3.4. Operationalization of the Inequality Elasticity of Poverty Index

The purpose of the index is to find a way to explain the quality of growth in sub-nationals given that there has never been GDP data at that level. Thus, was growth pro-poor or pro-rich? This will be answered based on some assumptions.
The assumptions are;
i.
A positive real GDP (increasing function) for all sub-nationals in 2010. This is true as Nigeria had increased growth for the period under review as can be seen from the data Table in Appendix A.
ii.
Increase in growth or incomes always lead to a reduction in poverty holding inequality constant (Kanbur 2004).
iii.
Notwithstanding, inequality is a fact of life and can never be nonexistent, this is supported by the fact that talent, endowments and motivations always differ.
Moreover, literature has also proved that increase in inequality may have positive effects on poverty (against popular belief) although governments always seek to reduce ‘inequality of opportunities’ as a policy (through spread of welfare projects) (Forbes 2000; Li and Zou 1998).
A simple poverty model is presented below;
Poverty = f(GDP, gini)
Economic intuition is supported by empirical evidence, which suggests that higher income inequality is associated with a lower growth elasticity of poverty. For our analysis, since we have assumed growth in income to be increasing, likewise, it becomes the necessary condition and income distribution (or inequality) is the sufficient condition. As shown below, poverty rate is explained by growth elasticity (income effect) and inequality elasticity (distributional effect) (Bourguignon 2004).
P (poverty rate) = ηg + ηi

Scenarios

In tracking the quality of growth, it is maintained that growth increased for the period under review. The scenarios in Table 2 will guide this study to define the quality of growth for our analysis. The following scenarios could suffice within the review period;
i.
Inequality can increase while poverty reduces. Let us call this Pareto efficient growth (for the poor). Here growth is inclusive.
ii.
Inequality can reduce while poverty can increase. Let us call this Pareto inefficient growth amounting to non-inclusive growth.
iii.
Inequality can increase while poverty increases. We call this Pro-rich or non-inclusive growth.
iv.
Inequality can reduce while growth also reduces. We call this Pro-poor or inclusive growth.
From this it can be seen that the order for the most desirable quality of growth is the Pro-poor growth than the Pareto efficient growth respectively. The Pareto inefficient and Pro-rich growths are undesirable in that respective order. Therefore, in ranking sub-nationals in the index, priority will first be given to the most desired quality of growth down to the least undesirable quality of growth. Once the sub-nationals have been grouped in their respective categories, the coefficients of their inequality elasticity of poverty will be used as weights in a decreasing order.

4. Results and Discussion

4.1. Parametric Analysis

The results of the coefficient of elasticities for the sub-nationals are presented Table 3.

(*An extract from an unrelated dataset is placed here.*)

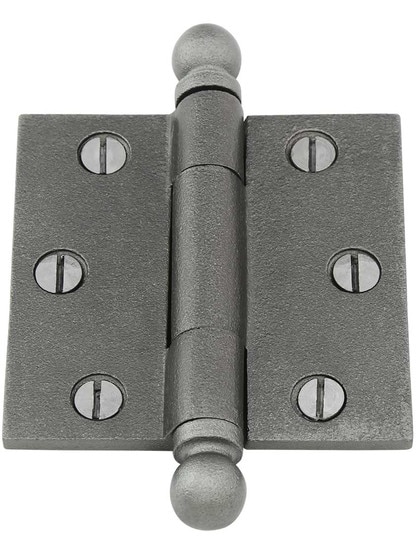 2 1/2-Inch Cast Iron Door Hinge With Ball Finials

4.1.1. Explanation of the Columns

In explaining Table 3 above, it is imperative to walk through how the various columns were derived. Column 1 shows the changes in Gini either positive or negative for the different States, comparing data for 2004 and 2010. Column 2 shows the computational result of inequality elasticity of poverty for the absolute poverty benchmark using the arc elasticity formula. It ranges between negative and positive. It will serve as weights in the final ranking of States. Column 3 gives the result for the change in poverty comparing 2004 and 2010. Column 4 shows the quality of growth definitions, as shown in the scenario matrix in the methodology given the interaction between inequality, poverty and growth (assumed to be a positive constant). Column 5 gives similar computations as column 2 but only that it measures relative instead of absolute poverty. Column 6 shows the changes in relative poverty between 2004 and 2010. Column 7 similar to column 4 gives the definitions of the interactions between our variables. Column 8 is similar to column 2 and 5 but uses a different poverty measure which is the dollar/day. Column 9 shows the directional change in dollar/day from 2004 and 2010. Column 10 defines the quality of growth using the dollar/day benchmark.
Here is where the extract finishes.